その大元になるもののひとつに、二元統合という概念があります。
二元とはふたつのもの、ふたつの性質、ふたつの次元と言ってもよい、要はふたつに分かれているもののことです。それをひとつに統合すること、それが二元統合の意味です。
マルセイユタロットの大アルカナを見れば、ふたつのもの・二人の人間が描かれていることが多いことに気がつきます。
もちろん、三人とか四人(3つとか4つ)の数になるものもあるのですが、例えば三人であっても、一人を中心としてみれば、ふたつのものの間にいること、四つであっても、二つずつに分けられることを思えば、二元統合と関係している趣旨を見ることができます。
人の場合、二人の人間(の統合)となるのですが、心理的には、別の自分という表現はよくされますし、皆さんにもなじみがあるのではと思います。
心理的に言う、もう一人の自分とは、シャドーや抑圧された者であったり、無意識の自分の部分であったり、また、自分を律したり、教育したり、指導したりする自分、反対に許し、癒し、優しくする自分ということもあります。
要は普段(日常)の自分と、特殊であまり自覚できない自分とがいて、それらも結局すべて自分であるので、統合すれば完成された自分(自己)として、全き人になるという考え(方)です。
これをもう少し、スピリチュアル(霊)的表現に変えれば、低次の自己と高次の自己がいて、それを統合すると完全性、神性的(仏教的には仏的)人間になるということです。あるいは、性質として見れば、女性性・男性性の統合と考えることもできます。(神的状態とは両性具有)
このような二元統合で難しいのは、普段、高次の自分、より尊い自分がわかりづらいということです。そもそもその意識に芽生えれば(覚醒すれば)、統合の苦労もないとも言えます。(苦笑)

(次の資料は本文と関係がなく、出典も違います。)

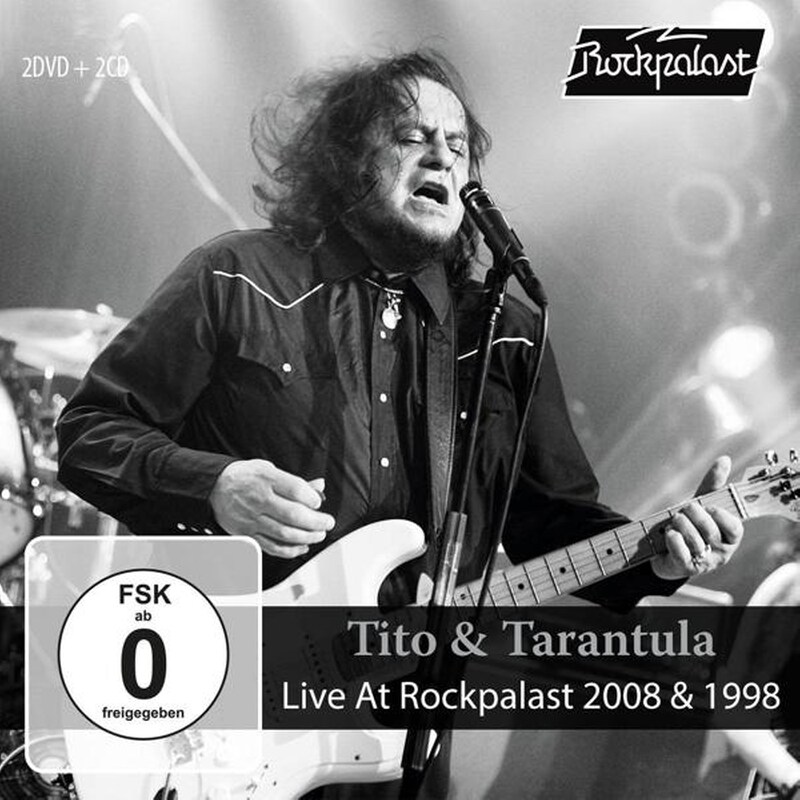 Live At Rockpalast 2008 1998 (Reissue)
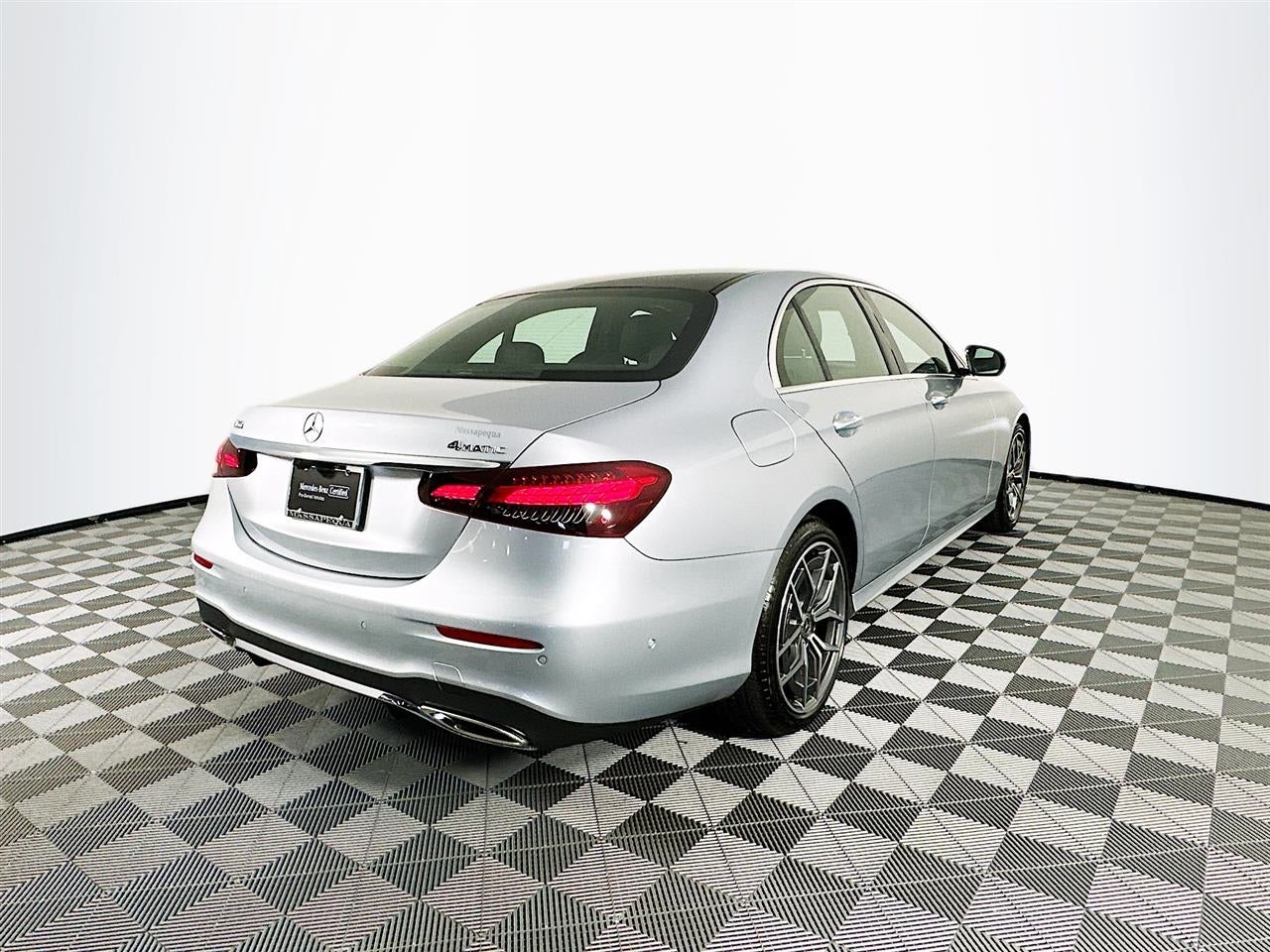 2021 Mercedes-Benz E 350 E 350 4MATIC® Sedan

逆に言うと、ノーマルな人間的、時には動物的ともいえる(低次の)自分はいつもそこにいるわけで、それが自分の普通状態なので、なかなか高次の自分、違う自分がいると言っても実感しえないわけです。
これは、単純な二元で分けようとすることと、あまりに統合を高尚なものや、高いレベルの愛・スピリチュアルで考えようとするから難しいのだと言えます。
何事もレベルや段階があります。
そして、二元統合へのヒントは、おそらく反対の分離した二元状態をもっと自覚することにあると考えられるので、まずは何と何が分離状態にあることかを意識する・自覚できることが最初だと思います。
言い換えれば、統合意識(目的・理想)から入るのではなく、分離状態を認める、観察することから始めるのです。つまりは現状観察です。

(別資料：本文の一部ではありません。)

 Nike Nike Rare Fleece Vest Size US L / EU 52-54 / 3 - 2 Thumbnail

ただし、今までの日常的に流されてしまう通常意識では観察態勢に入れません。
観察するには、観察する観測装置か、観測環境(状態)を作る、入手する必要があります。そのためにタロットがあり(ほかのツールでももちろんOK)、瞑想とか、内省とか、孤独(一人になる)とか、日常意識状態から非日常意識状態へと移行する手続き、環境作りが求められるわけです。

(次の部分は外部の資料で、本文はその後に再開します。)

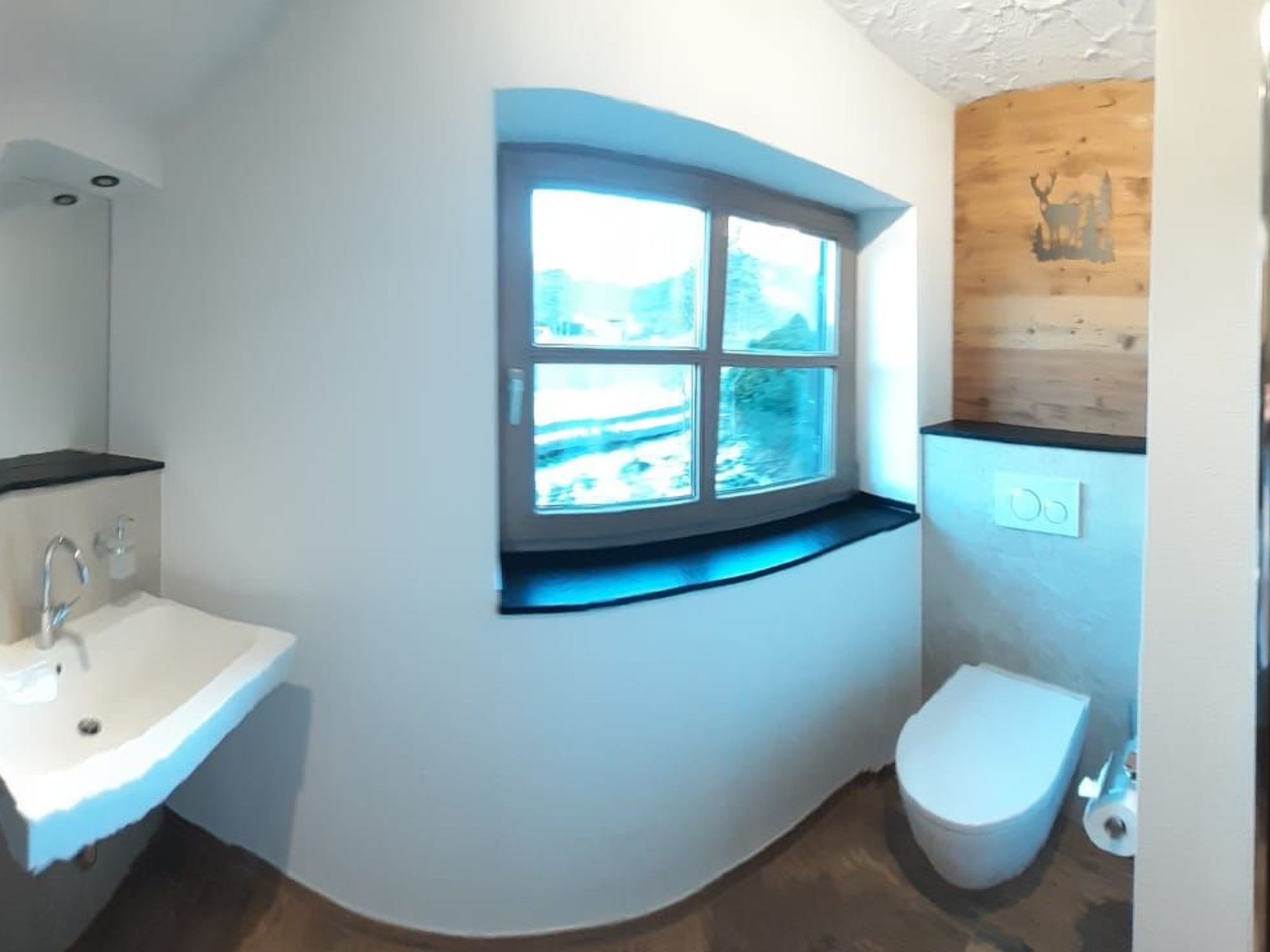 Die Ferienwohnung im Haus Mariandl-Inside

そうした観測意識状態を意図的に作るということが大事です。次に、「レベルや段階がある」と先に書いたように、いきなり高いレベルの統合を思ったところで無理なものは無理です。(笑)
二元統合のもうひとつのヒントは、二元が無数に枝分かれする連続二元構造になっているのを知ることです。
どういうことかと言いますと、大元にふたつに分かれたものが、その両方でさらに二つに分かれ、その分かれたふたつが、またそれぞれでふたつに分かれていくようなものをイメージしてみれば、このことがつかめると思います。
下の階層に行けば行くほど、低レベルの二元分離状態になっており、実は低レベルなものほど、具体的なものに近づき、個性的でわかりやすい状態にあるのです。(このことを説明するのには少し長くなりますので、今はそうしたものだと思っていただければよいです)
個性的でわかりやすくなるというのは、個人レベル(自分の感じ、考えるレベル)でわかるというもので、言い方を換えれば、今の自分の世界でわかっている範囲でOKということです。
つまり、他人や本などで得る知識とか感じ方ではなく、今、自分が感じている「悪い自分」「欲望に負ける自分」「低俗な自分」「嫌な自分」と、「良い自分」「積極的な自分」「負けない自分「愛あふれる自分」「崇高な気持ちになっている自分」のままで、その分離を自覚すればよいということです。
難しく考えるのではなく、自分レベルで、何かもう一人の別の自分がいること、特に、ダメな自分を見ている自分がいることを感じ、思考することです。その日常的ではないもう一人は、厳しく機械的な自分の時もあれば、すべてを許し、見守ってくれる優しい自分のこともあるかもしれません。
いずれにしろ、何かいつもの自分とは違う別の者がいると感じているはずです。そうでなければ自己の反省も、愛情も、成長も、改革も、比較もできないでしょう。
こうやって見ていくと、低次と高次で単純に分けるのではなく、低次、つまり普通の弱く流されやすい自分の中に、それを応援し、見守り、時に厳しく叱るような自分がいることを普通に感じるもので、それは低次の中の高次なのです。
この場合の高次は、最初に分けた低次と高次と無関係ではありませんし、最初の高次と同じ性質を持つのですが、レベルや次元においては別物なのです。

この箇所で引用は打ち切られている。